Dinî İlimler. Asr-ı saadette dinî bilginin kaynağını Kur'an ve Sünnet teşkil ettiğinden Resûl-i Ekrem'in açıklamaları, uygulamaları ve onaylan sahabe açısından hem dinî eğitim hem dinî konularda bilgilenme ve öğrenim anlamına geliyordu. Bundan dolayı Hz. Peygamber'le uzun süre birlikte kalan sahâbîler aynı zamanda iyi bir dinî eğitim ve öğrenim görmüş oldular.
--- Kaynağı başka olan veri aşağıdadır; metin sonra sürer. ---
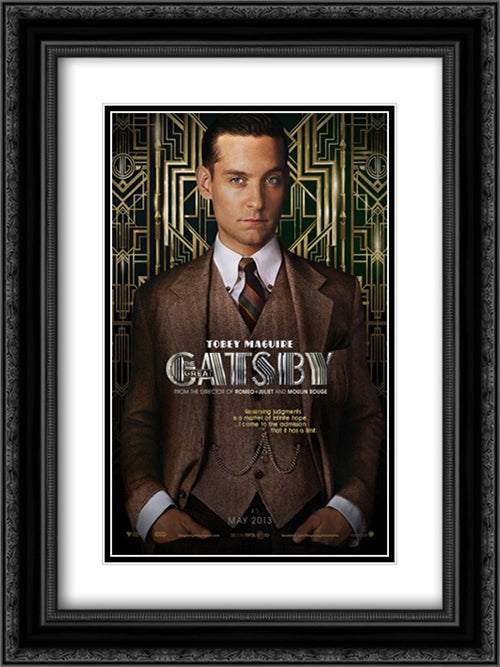 The Great Gatsby 18x24 Black Ornate Wood Framed Movie Poster with Double Matting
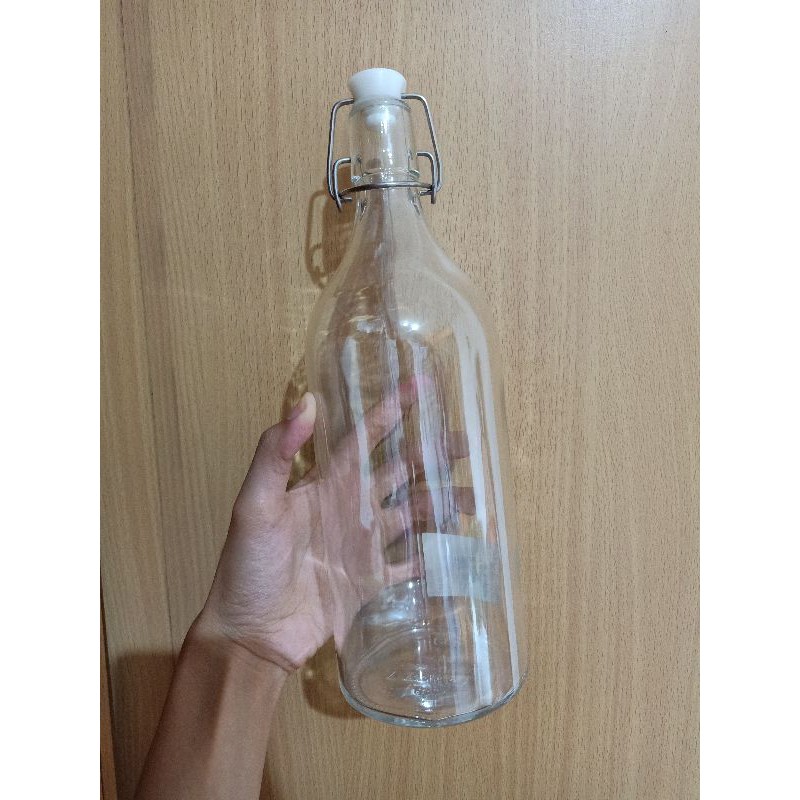 Jual Ready Stock Korken Botol Kaca 1000 Ml 1 Liter Botol Kait Swing ...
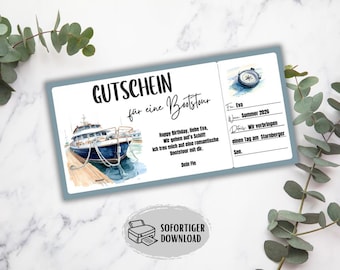 Bootstour Gutschein, Bootsfahrt Gutschein, Ausflug See Schiff fahren, Frau Geschenkidee Freundin, Geburtstagsgutschein Schiffstour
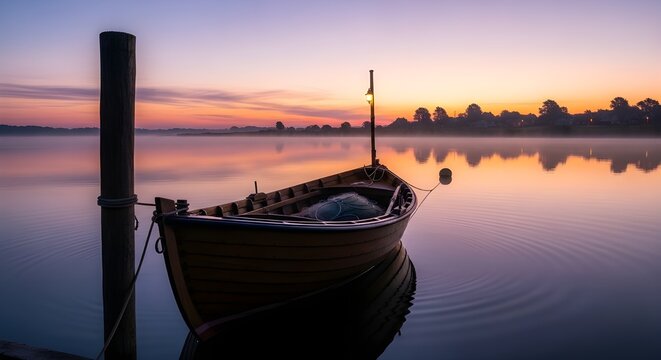 Small fishing boat moored at a tranquil lake during a colorful sunrise.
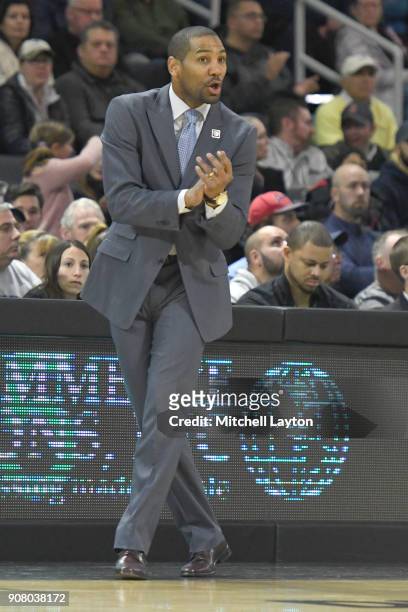 Head coach LaVall Jordan of the Butler Bulldogs looks on during a college basketball game against the Providence Friars at Duncan' Donut Center on...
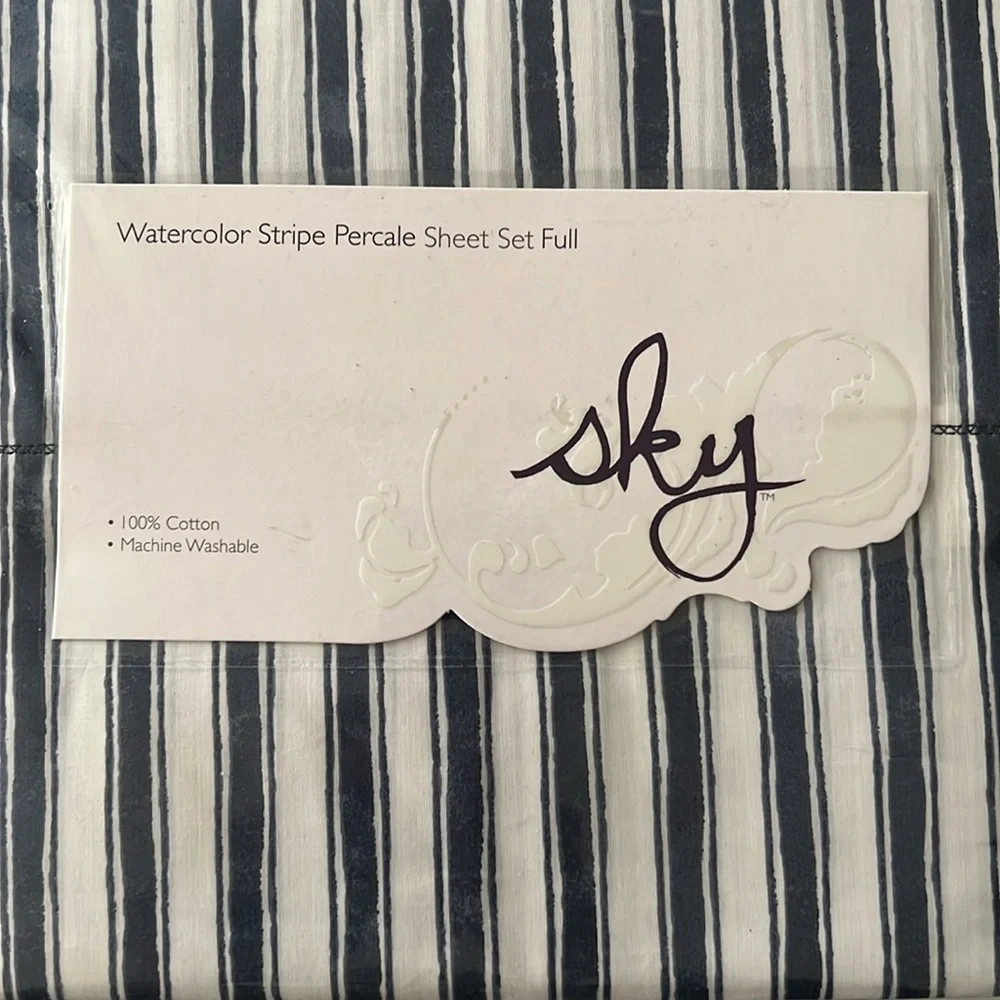 Sky Watercolor Stripe Percale Full Sheet Set, Navy White New w/Tag $175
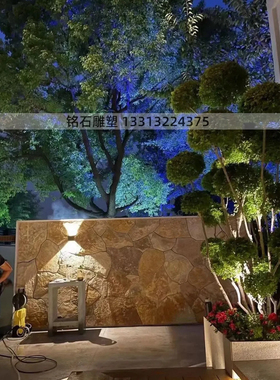 柏坡黄石材雕刻加工成的石墙 庭院门口石景墙雕塑 影壁石墙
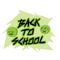 Reluctance to go to school, logo concept school and monsters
Dinin tebliğinin tamamlanması ve Resûlullah'ın vefatı ashabı Kur'an'ı koruma, anlama ve yorumlama, sünneti tesbit etme ve öğrenme gayretine şevketti. Müslümanların, hızla gelişen fetihler sonucunda farklı gelenek ve kültürlere sahip yeni toplumlarla karşılaşması ve yeni problemlerle yüzyüze gelmesi hem sahabenin Kur'an ve Sünnet etrafında toparlanmasını, hem de bu iki kaynağın yeni problemlerin çözümüne ışık tutacak şekilde yorumlanmasını hızlandırdı. Bu sebeple Hulefâ-yi Râşidîn döneminde Kur'an ve Sünnet etrafında yoğunlaşan bir dinî bilgilenme, bu çerçevede bir anlama ve yorumlama faaliyetinin ön plana çıktığı görülür. Bu faaliyette başta dört halife olmak üzere Kur'an ve Sünnet'i iyi bilen sahâbîler etkin rol oynamış, bu arada onların temsil ettiği farklı anlayış ve temayüller de belirginleşmeye başlamıştır. Bu dönemde, gerek Medine'de bulunan gerekse dini öğretmek amacıyla Medine dışındaki değişik bölgelere dağılan sahâbîlerin etrafında ilim halkalarının oluştuğu ve dinî yaşayışla bütünleşen bir ilmî geleneğin başladığı bilinmektedir. Dört halife döneminde, daha sonraki devirlerde çeşitli dinî ilimlerin konularını teşkil edecek olan bilgiler bir bütün halinde ele alınıyordu. Dinin anlaşılmasına, Kur'an ve Sünnet'te yer alan hükümlerin yorumlanmasına ve dinî bilgilenmede derinleşmeye yönelik bütün bu çabalar ileride kıraat, tefsir, hadis, fıkıh, kelâm gibi ayrı ilim dallan şeklinde ortaya çıkacak olan dinî ilimler için bir başlangıç teşkil etmiş ve onların oluşumunda vazgeçilmez bir önem taşımıştır.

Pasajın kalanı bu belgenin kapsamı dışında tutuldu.